In men's third-round play, 2009 champion Andy Murray beat Grigor Dimitrov 7-6 (3), 6-3. No. 6-seeded Jo-Wilfried Tsonga defeated Jarkko Nieminen 6-3, 6-3, and American Sam Querrey advanced when No. 14-seeded Milos Raonic withdrew because of illness.
Raonic became the 15th man or woman in the tournament to withdraw, retire or lose by walkover.
Williams was impassive and flat on her feet in the early going against the No. 13-seeded Cibulkova, and the half-empty stands made for a sleepy atmosphere.
"Bor-ing!" one spectator shouted.
Williams said she has learned not to force showing emotion.
"It just kind of has to come," she said. "You can't be yelling, 'Come on!' after 40 unforced errors and you miss another shot. That's not going to necessarily work."
During changeovers, disco, salsa and Coldplay blared from the public address system, and something finally got Williams going. Her shots began landing consistently just inside the lines, and she won 10 consecutive points to surge ahead in the second set.
She let out a yell for the first time when she hit a backhand winner to reach set point, screaming encouragement at herself. The crowd responded with a roar of approval.
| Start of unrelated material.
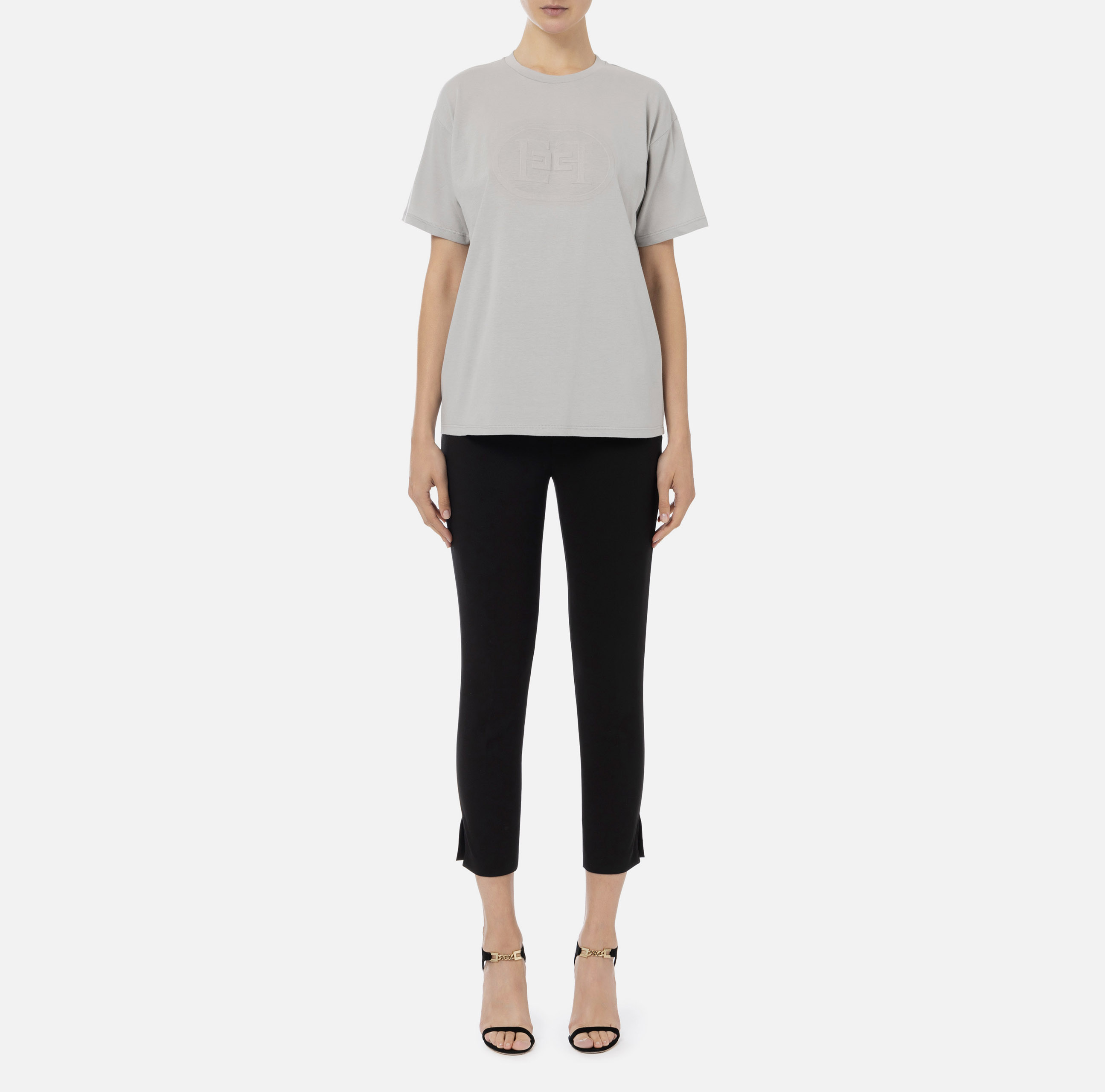 【25SS】 ELISABETTA FRANCHI 刺繍入り ジャージー Tシャツ 2色 ELISABETTA FRANCHI T-SHIRT IN COTONE CON LOGO IN VELLUTO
Williams won the next point with an ace, and when a replay confirmed the call to seal the set, she hollered again and spiked a spare ball.
Her father and coach, Richard, stroked his chin as he watched the comeback from the photographers' pit.
"I saw my dad on the sideline, and he was so calm and so relaxed," she said. "And I was just like, 'OK, Serena, you can do this.' I took that energy and started playing better."
Williams went ahead to stay by breaking serve at love for a 2-1 lead in the final set. After closing out the victory with a 116-mph ace, she swung her fist in satisfaction.
She acknowledged her demeanor may have seemed odd earlier.
"I look crazy because I'm constantly having an argument with myself," she said. "We're going back and forth and trying to figure things out. I'm talking to myself inside, and she's talking back and giving me lip. I give her a little attitude, and then I tell her she stinks, and she tells me to shut up. We get into it a little bit. Then we get along."
Williams arrived at the tournament site driving her Rolls Royce. She had ridden a bicycle to her previous match, borrowing it at her hotel because traffic gridlock on Key Biscayne made her fearful she might be late, then won easily.
"Maybe I should start riding a bike more often," she said.